Cashout of Options:    In connection with the Closing, the Executive’s options shall vest in full, and the spread value of such options shall be paid in cash based on the price per share paid for the Common Stock in the proposed transaction in accordance with the merger agreement.
Option Grant:    The Executive will be granted options to purchase shares of Parent Class A common stock representing an aggregate of 40% of the Parent Class A common stock reserved for issuance under the Incentive Plan (as defined below), which will vest in 4 consecutive equal annual installments, in each case based on continued employment with the Company. All options will vest in full upon the occurrence of a change in control. Except as modified by the terms herein, all options will otherwise be subject to the terms of the Incentive Plan.


Stockholders’   
Agreement:    All equity acquired upon the exercise of an option and all equity received by the Executive in connection with the Closing (the “Purchased Equity”) will be subject to the terms of a Stockholders’ Agreement, and other related equity documents, which will provide, generally, for restrictions on transfer, drag-along rights, tag-along rights, and registration rights, but which, with respect to Purchased Equity, shall in no event provide for any call or put rights.

MANAGEMENT

EQUITY

In connection with the Closing, Parent will establish an equity incentive plan (the “Incentive Plan”), pursuant to which senior management and other employees of the Company may be granted awards based upon Parent Class A common stock. An aggregate of 10% of the outstanding Parent Class A common stock calculated on a fully diluted basis immediately following the Closing (i.e. 10% of the sum of the number of Class A common shares that will be outstanding immediately following the Closing plus the number of Class A common shares reserved for issuance under the Incentive Plan) will be available for awards under the Incentive Plan.
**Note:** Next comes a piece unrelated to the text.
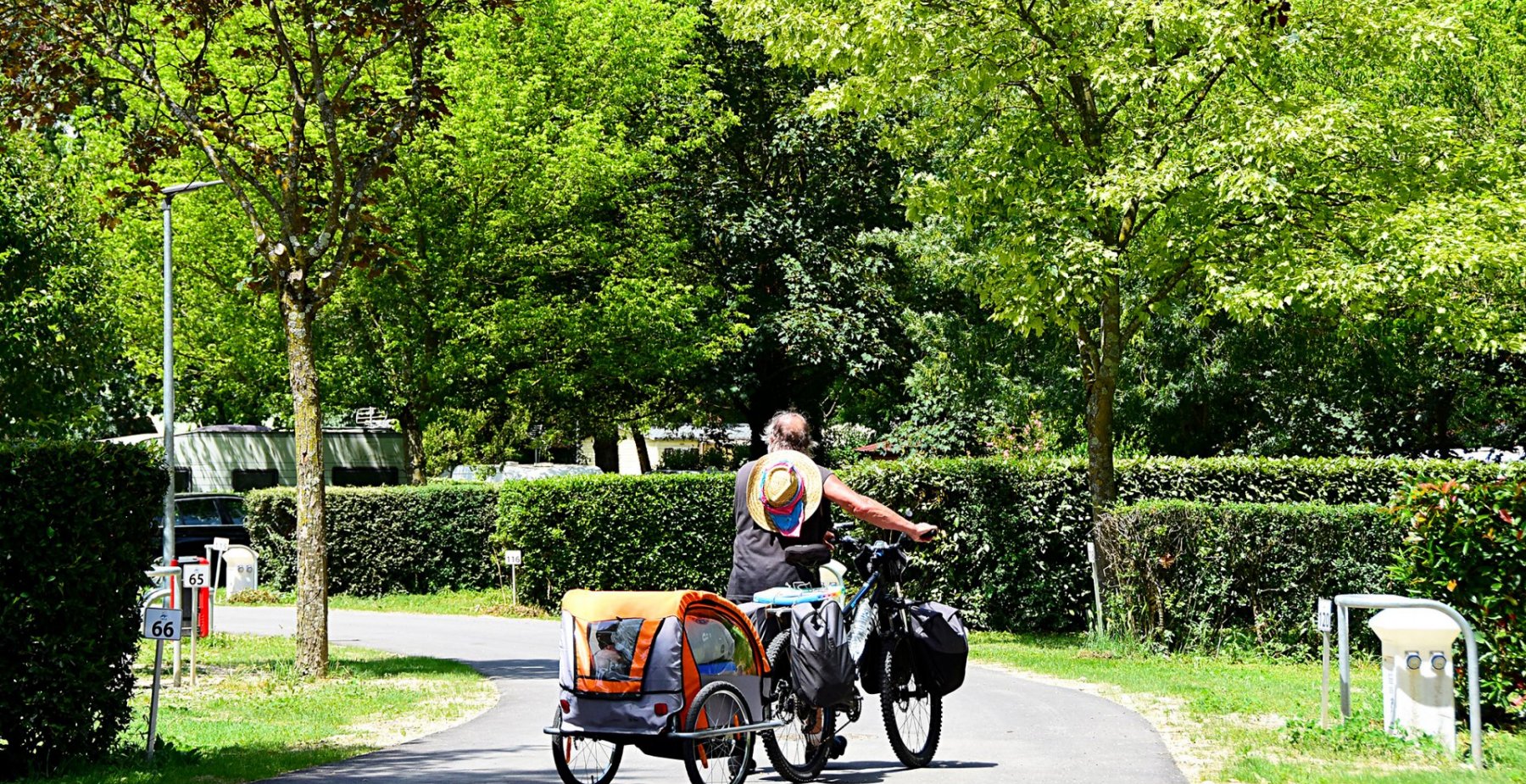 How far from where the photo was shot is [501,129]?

Option awards with respect to 40% of the shares reserved for issuance under the Incentive Plan will be granted to the Executive and option awards with respect to approximately 45% of the shares reserved for issuance under the Incentive Plan will be granted to other senior management and key employees, in each case, at or as soon as practicable after the Closing, with the remaining pool reserved for future grants to existing option holders or new hires. The terms of the option awards to be granted to other senior management and key employees in connection with the Closing, together with the allocation of such awards, will be mutually agreed to by the Executive and TPG.

Key employees will be asked to invest in Parent at the same price as TPG and the Executive. The amounts of, and terms governing, any invested equity shall be mutually agreed to between Parent and the key employees.